A despeito de toda a desconfiança e descrença que a Humanidade desperta em nós nos dias de hoje, tenho que contar aqui um episódio que fez renascer em mim a esperança no ser humano. Na partida para Banjul o voo atrasou-se cerca de 4 horas. Entediada com as longas horas de espera, tirei o computador da mochila, resolvida a trabalhar um pouco. Meia hora depois, a hospedeira avisou que deveríamos seguir para o portão de embarque, foi um corre-corre automático, ninguém estava preparado.
Na pressa de arrumar as coisas, saí da minha rotina. Em vez de colocar o computador na mochila, guardei primeiro o cabo de alimentação. Resultado: deixei ficar o computador entre as cadeiras do aeroporto e nem me apercebi! A ausência da máquina só foi sentida horas depois em Addis Abeba, quando me quis «conectar» no hotel onde pernoitámos durante o período de escala.
A notícia teve, claro, um efeito devastador e os colegas de jornada logo se aperceberam do meu desânimo. Quando começava a acreditar que a viagem estava estragada, eis que o «salvador da pátria» chega via Internet. Numa das vezes em que encontrei vago o concorrido, e único em funcionamento, computador do hotel, entrei no Messenger para tentar avisar a família para que se procurasse recuperar o instrumento.
De repente um contacto desconhecido, que para preservar a sua privacidade vou chamar aqui de Miharbi, começou a teclar comigo. Para minha surpresa, o rapaz em questão tinha encontrado o meu computador, desbloqueado a minha senha, entrando nele, e tinha-me adicionado aos seus contactos. Todo este trabalho para me encontrar e devolver a máquina.

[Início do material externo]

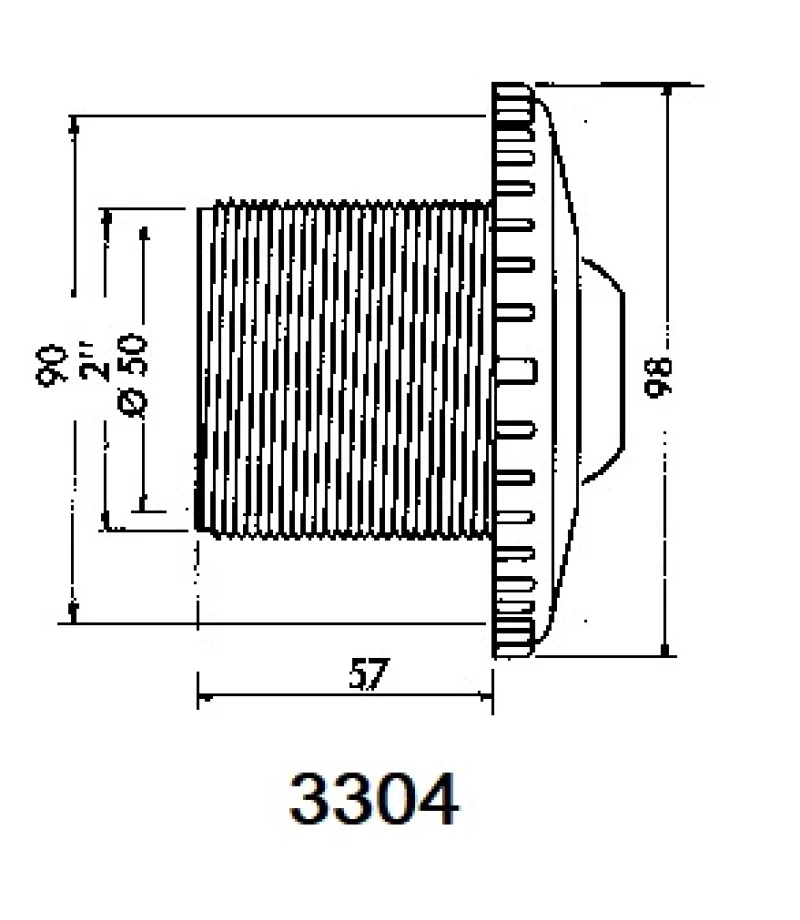 Duza de refulare 2" pentru piscina din beton - Hayward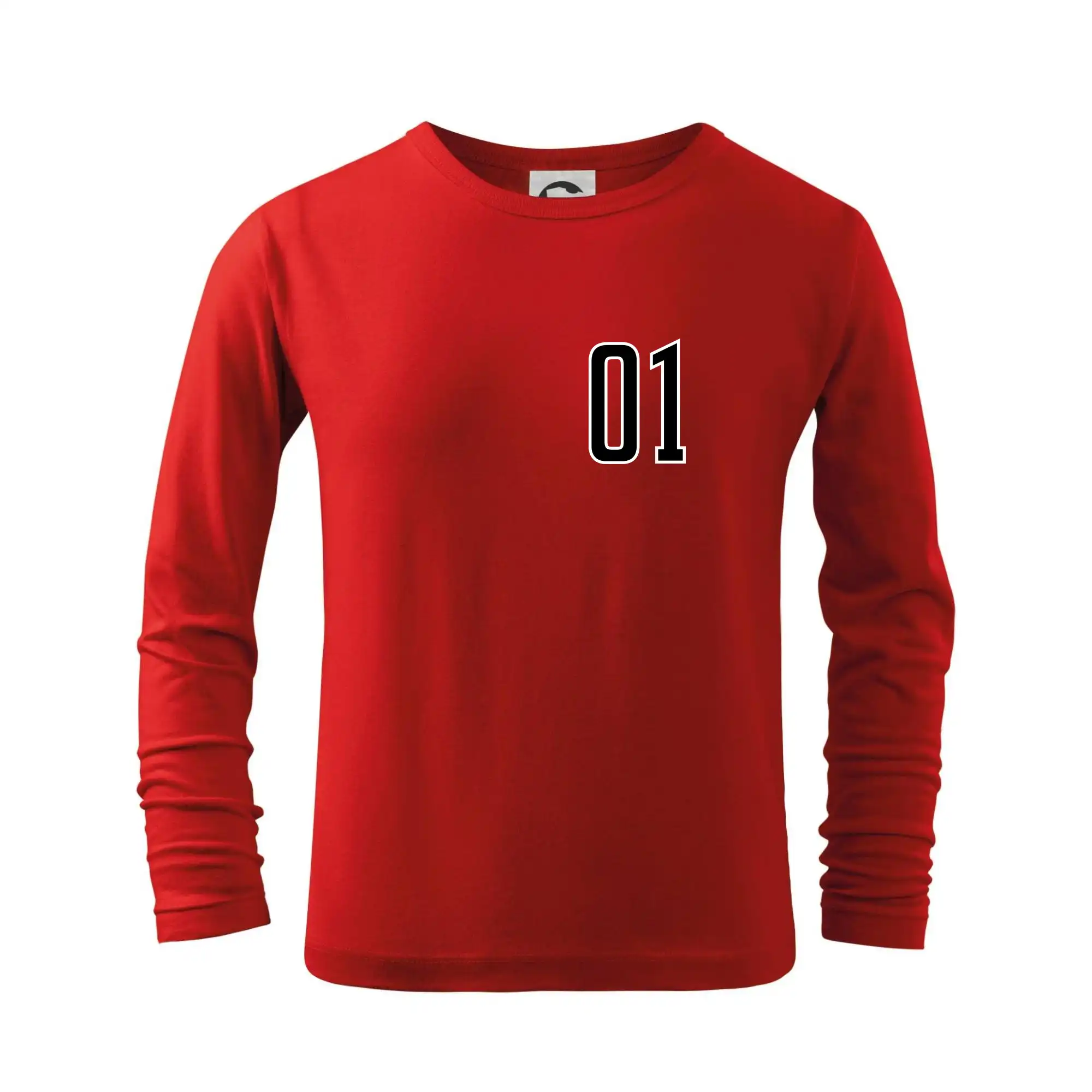 Tričká pre futbalistov - Môj najobľúbenejší hráč - Vaše meno a číslo - Tričko detské Long Sleeve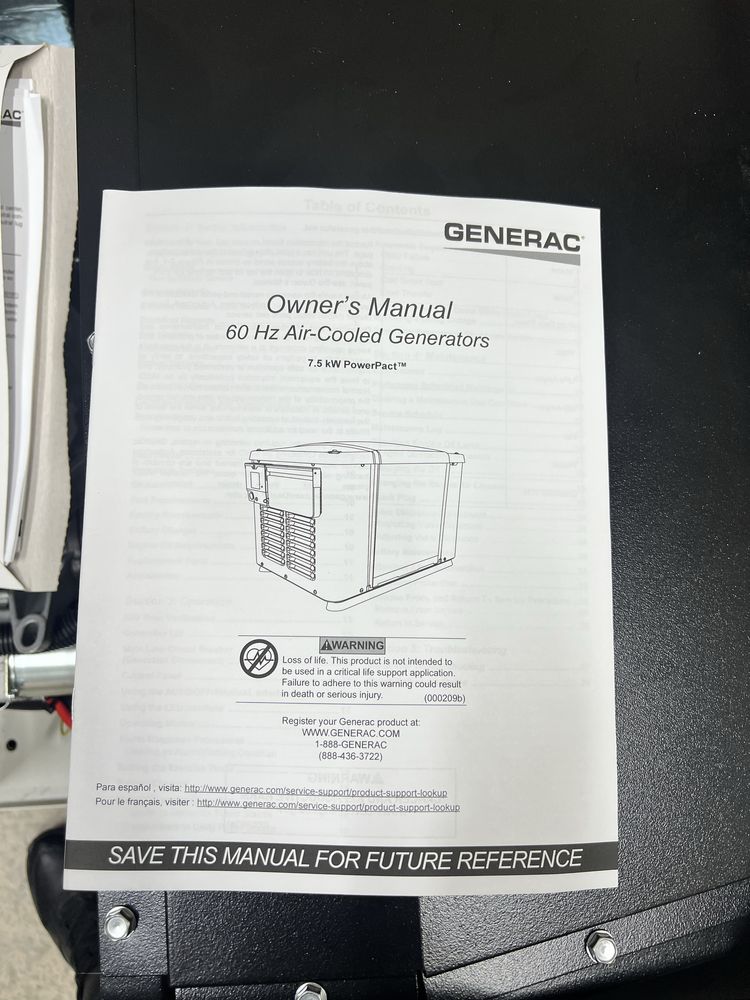 Продам газовый генератор 7,5kw GENERAC USA новый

Ainda pensei que fosse alguma brincadeira, mas não era, como vamos ver mais à frente. A viagem continuou aos trancos e barrancos, como explicarei melhor na próxima semana. Depois de Addis Abeba chegámos a Bamako, onde depois de cerca de duas horas atribuladas, seguimos para Banjul. Já vínhamos moídos depois de atravessar o continente duas vezes. Nem reparamos como deve ser na decoração tropical do Laiko Hotel, o primeiro passo foi tomar um banho e comer.

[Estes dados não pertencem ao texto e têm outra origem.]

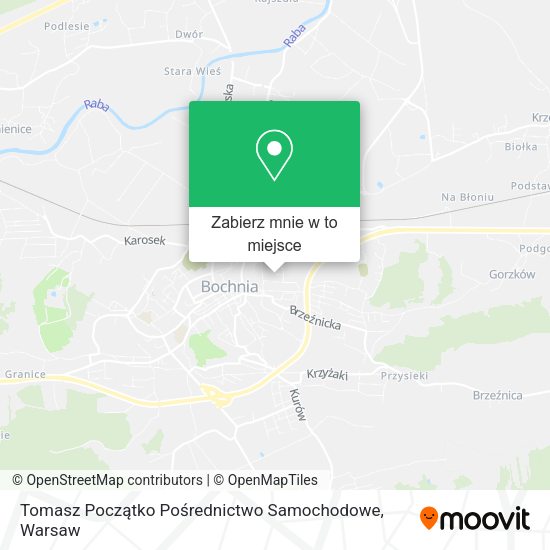 Mapa Tomasz Początko Pośrednictwo Samochodowe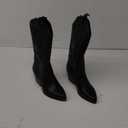 Monrovia Western Cowgirl Boots for Women, Wide Calf, Low Block heels, Pointed Toe, Embroidered, Chunky Heel Mid Calf Cowboy Boots   8.5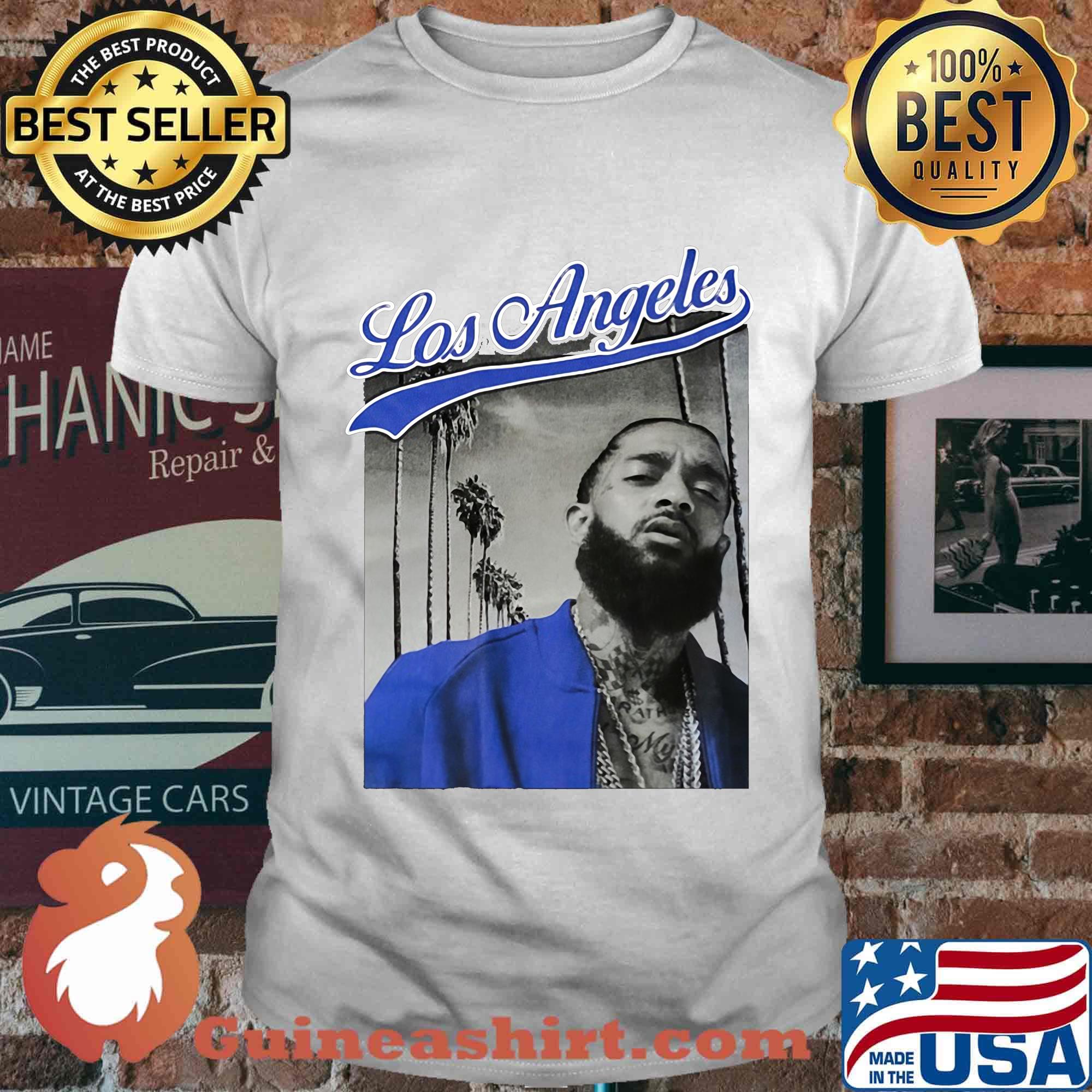 Los angeles nipsey hussle rapper shirt
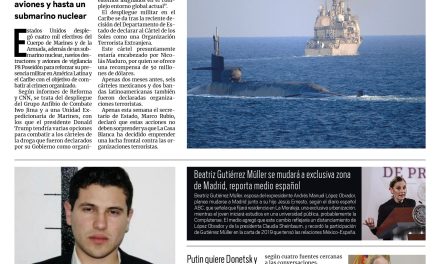 Portada RCG Nacional e Internacional [17 de agosto de 2025] EE. UU. despliega fuerzas armadas en América Latina y el Caribe; Ofrece ICE hasta 10 mdd por Iván Archivaldo Guzmán y más…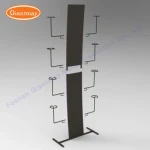 Floor Stand Double Sided Metal Motorcycle Helmet Display Rack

Foi aí que a Maria se deu conta do desaparecimento dos seus óculos.
Procurámos em todos os cantos possíveis do hotel, revirou-se o táxi, mas os óculos continuaram desaparecidos. Aliás. até agora.

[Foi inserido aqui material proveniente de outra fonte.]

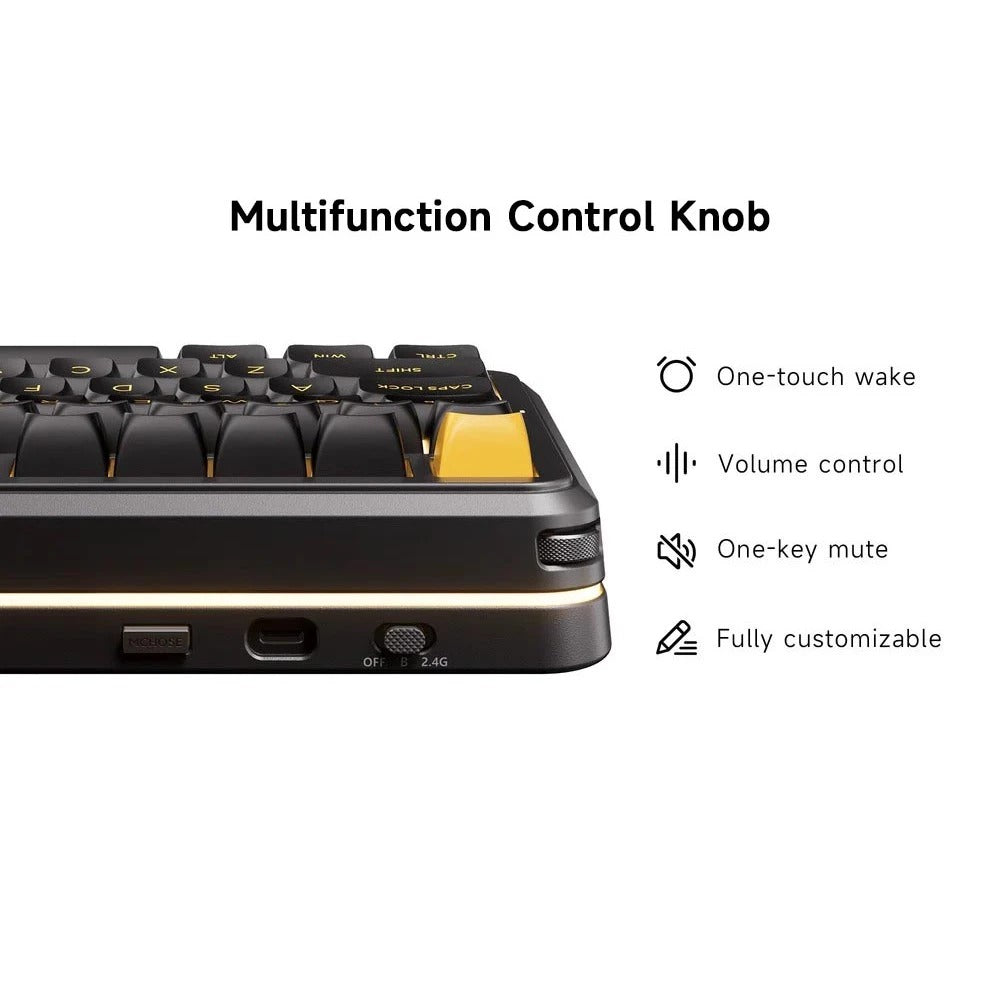 MCHOSE K99 V3 RGB Tri-Mode Hot-Swappable Mechanical Keyboard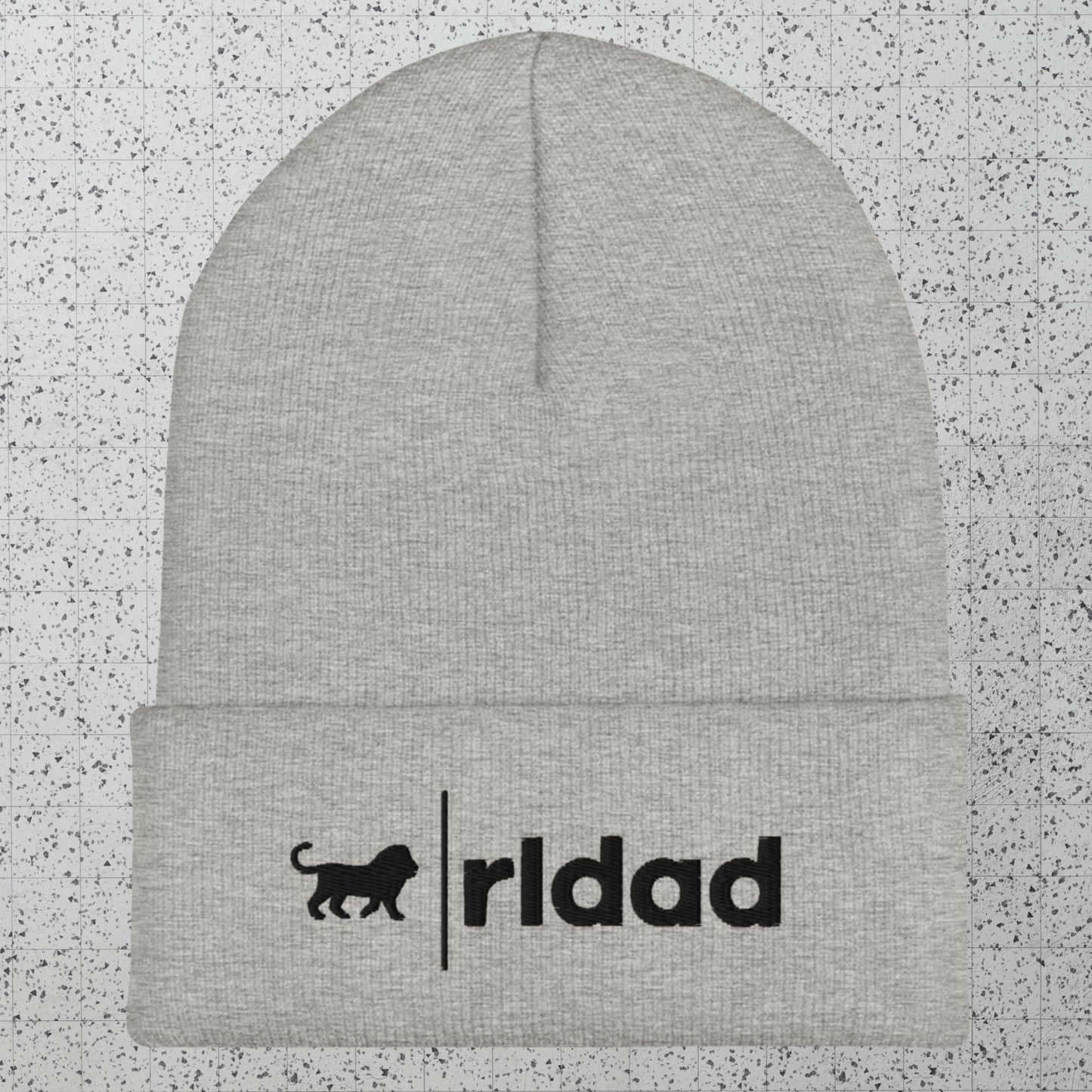 RLDAD Black Cuffed Beanie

Depois de comermos os «fish and ships» já desanimados, trocámos duas ou três palavras e cada um retirou-se para o sossego do deu quarto. A intenção era clara: recarregar baterias para os dias de trabalho intenso que estavam por vir e que iam começar já no dia a seguir. Foram realmente exaustivos os dias que se seguiram. Nos três primeiros dias, em que decorreu o Fórum das ONGs, saíamos do hotel de manhã cedo e só voltávamos no início da noite.
O facto de o Fórum ter sido realizado num hotel a cerca de 40 minutos do nosso também não ajudou. Quando o trauma da perda começava a amainar entre nós, eis que surge mais um abalo. Outra vez a Maria, coitada. Ela tinha ido à «Senegâmbia», zona turística perto de Banjul, festejar o aniversário de uma das colegas, também defensora dos direitos humanos. Na viagem de volta, cansadas, as duas adormeceram e só acordaram quando chegaram ao nosso hotel.
Tinham vindo num dos táxis amarelinhos em vez de um dos verdes, mais seguros. Resultado: até hoje permanecemos na dúvida se o telefone caiu e o motorista simplesmente não o quis devolver ou se ele tirou mesmo o telefone da bolsa alheia. Até se procurou pelo dito cujo, foi-se à polícia, apresentou-se queixa, mas nada. A próxima vez que for à Gâmbia já sabe: evite táxis amarelos!
Duas semanas depois do início desta aventura, estávamos de volta a casa. Refazer a rota louca de escalas a este e oeste deixou-nos “down”, como diriam na Gâmbia. A história do computador afinal não era mesmo brincadeira. Assim que cheguei, Miharbi devolveu-me o «lap top» em perfeitas condições e reagiu indignado quando lhe quis dar um presente (em espécie) como forma de agradecimento. «Não aceito dinheiro por favores», disse ele. Inspirando-me numa campanha publicitária que vi algures, arrisco-me a dizer que «computador portátil, 1000 dólares em dinheiro, cheque ou cartão, mas uma atitude honesta dessa magnitude: não tem preço!».